As I reported in recent days, CNN executive Eason Jordan stirred a hornets nest by telling an off-the-record panel at the World Economic Forum that 12 journalists were killed by the US military in Iraq.

The reaction, to read Howard Kurtz's account in the Washington Post, was SHOCK and denial by people like Senator Chris Dodd and even Congressman Barney Frank. After a blogger broke the confidentiality of the session, Jordan was besieged with attacks from the right with angry demands for proof . Conservative bloggers went into action by criticizing the rest of the media for not covering the story. Their assumption: Jordan is lying.

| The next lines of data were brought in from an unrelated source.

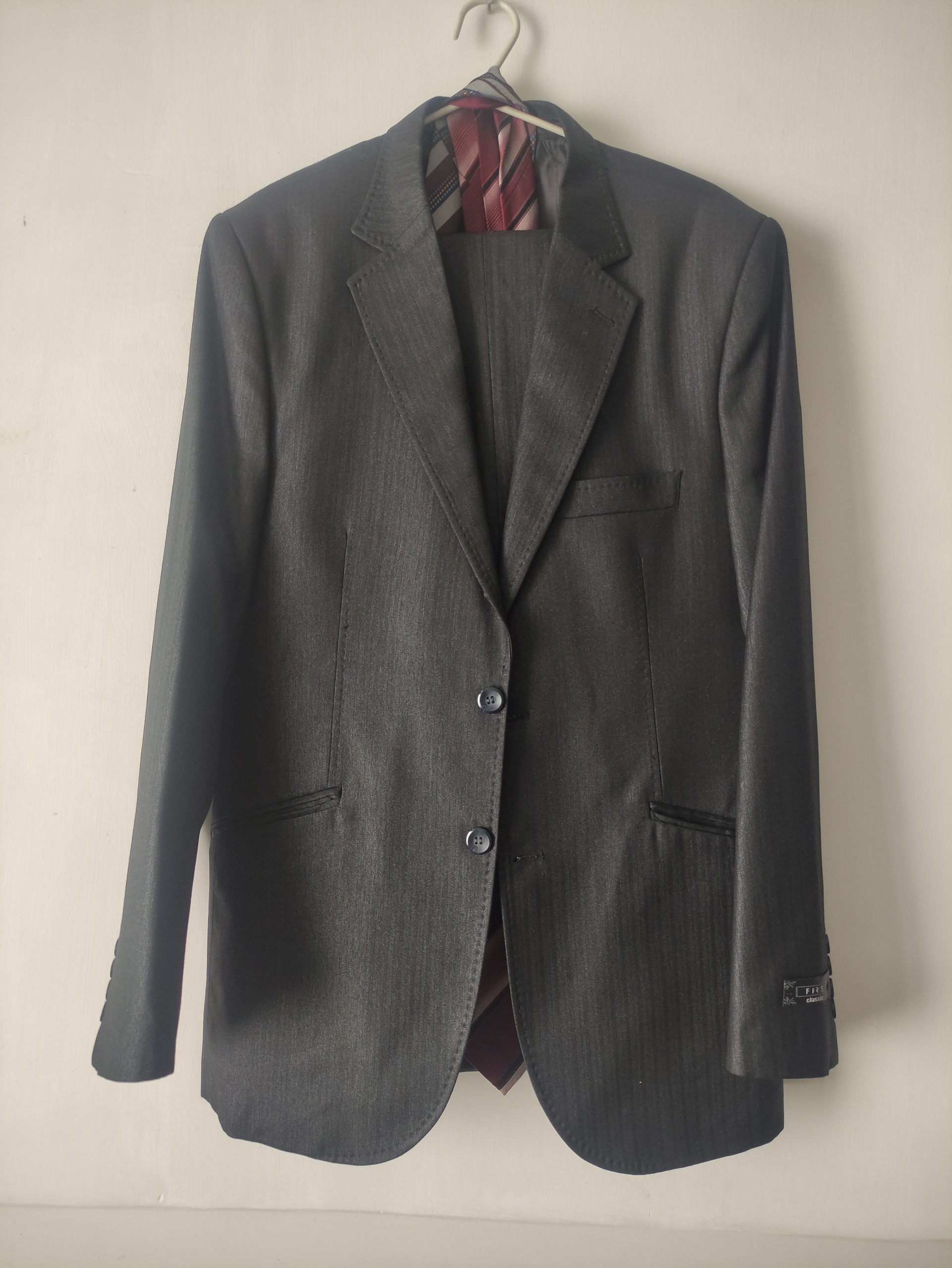 کت شلوار خوشرنگ طبق توضیح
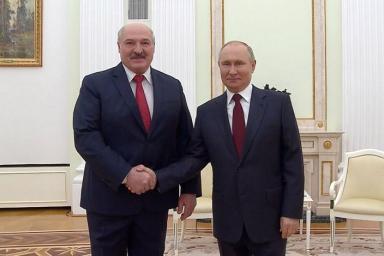 Первый президент Украины назвал Лукашенко «вассалом Путина»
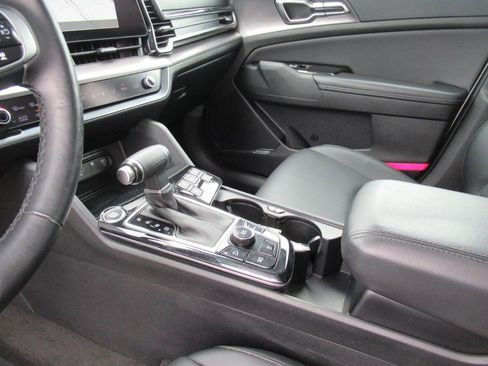 Used 2023 Kia Sportage SX FWD image 16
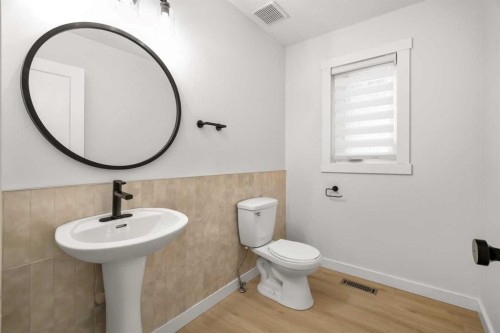 327 Canyon Close, Canmore, AB - Indoor Photo Showing Bathroom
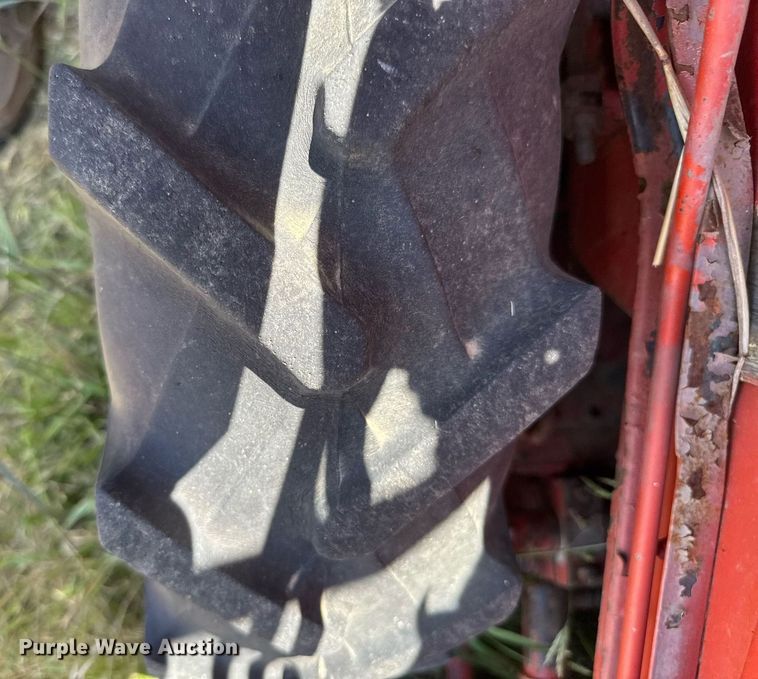 image for item ER2049 1987 Hans-Ulrich Hedge 125 seed harvester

As viewers of WMD (see link below) know, there is a section in the film that asks: "Were Journalists Targeted in Iraq?" It points out that BBC's Kate Adie was told by the Pentagon that independent journalists would be targeted. It shows how the Al Jazeera office whose coordinates were given to the Pentagon was bombed and its bureau chief Tariq Ayoub was killed. It shows what happened to the Palestine Hotel where two journalists were killed by a tank shell. It interviews one of the journalists who were wounded who asks "why did they target us; what did we do to them?" It reports that press freedom groups and Reuters demanded an investigation that was not forth coming. It concludes with a quote by veteran war correspondent Phillip Knightly, author of "the First Casualty," a book on the history of censorship in war who says that he believed that occasional shots at media sites are "not accidental."

When I heard about this statement from a friend who was at the panel. I thought that some new information was on the verge of coming out. So I reached out to Jordan who I once worked around at CNN to ask if he could help me get on CNN to discuss and debate the issue.

more....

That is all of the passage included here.